Best songs on Tim McGraw's new album: Comfort Me, Tickin' Away, Red Ragtop, That's Why God Made Mexico, Illegal, Sing Me Home, Who Are They, Tiny Dancer.
Best Tim McGraw song to mention the Village Voice: Who Are They.
Best Tim McGraw song mentioned by My Name is Kenny: Where The Green Grass Grows
Second-Best Tim McGraw song mentioned by My Name is Kenny: Refried Dreams
Best Tim McGraw song to rewrite "Indian Reservation" by the Raiders:
Indian Outlaw
Best recent song by Tim McGraw's wife: One
Best early song by Tim McGraw's wife: Wild One
Another song by Tim McGraw's wife that's just as good: The Secret of Life
One Album which would be immeasurably better if Tim McGraw was the singer: 69 Love Songs
Best songs on Kenny Chesney's most recent album: Young, Big Star
Best song on Kenny Chesney's Greatest Hits album: How Forever Feels
Best country album of 2002: Toby Keith, *Unleashed
Best country single of 2002: Ty Herndon, "Heather's Wall"
Best Taylor Dayne single of 2002: LeAnn Rimes, "Life Goes On"
Best country album of 2001: Montgomery Gentry, *Carrying On
Best rock album of 2001: Montgomery Gentry, *Carrying On
Best anything album of 2001: Montgomery Gentry, *Carrying On
Best songs on Montgomery Gentry's current album: Break My Heart Again, Free Fall
One band that *might* rock harder than Montgomery Gentry: Turbonegro

-- chuck (cedd...), March 28th, 2003.


--------------------------------------------------------------------------------

And now this (from my Pazz and Jop ballot of a couple months back):
In Nashville country, there are producers (Mutt Lange, most obviously) as enamored of middle-eastern modes as Timbaland is, and other boundaries are being exploded left and right. Faith Hill and Toby Keith are singing what amounts to soul music, and Montgomery Gentry are rocking as hard as any garage-revival band in Detroit, and LeAnn Rimes is making full-fledged disco albums, and Brooks and Dunn are collaborating on stage with Sheila E. Most rock critics can't hear any of it, of course, but they still think Wilco are brave for tip-toeing outside of alt-country, which may well be the blandest, most conservative, most whitebread-anal-compulsive sub-genre in rock history.
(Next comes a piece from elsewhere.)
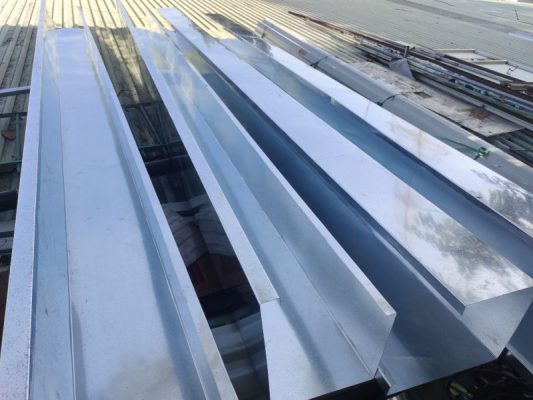 Thợ làm máng xối tại Quận 1 - Lắp đặt chuyên nghiệp giá rẻ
How come when alt-country bores stretch a little it's considered godhead, but when Nashville types, who've been doing it unabashedly for years, do it, it's considered the essence of cheese? How come rock critics never fully embraced the Dixie Chicks, who I often love (the album rocks fine until it slows down halfway in), until they retreated back into acoustic *O Brother* bluegrass? I considered voting for "Long Time Gone" as a single, but its stupid pandering line about Haggard and Cash pisses me off. You don't hear rock people whining in their songs about how modern rock music doesn't sound like Elvis and Chuck Berry, do you?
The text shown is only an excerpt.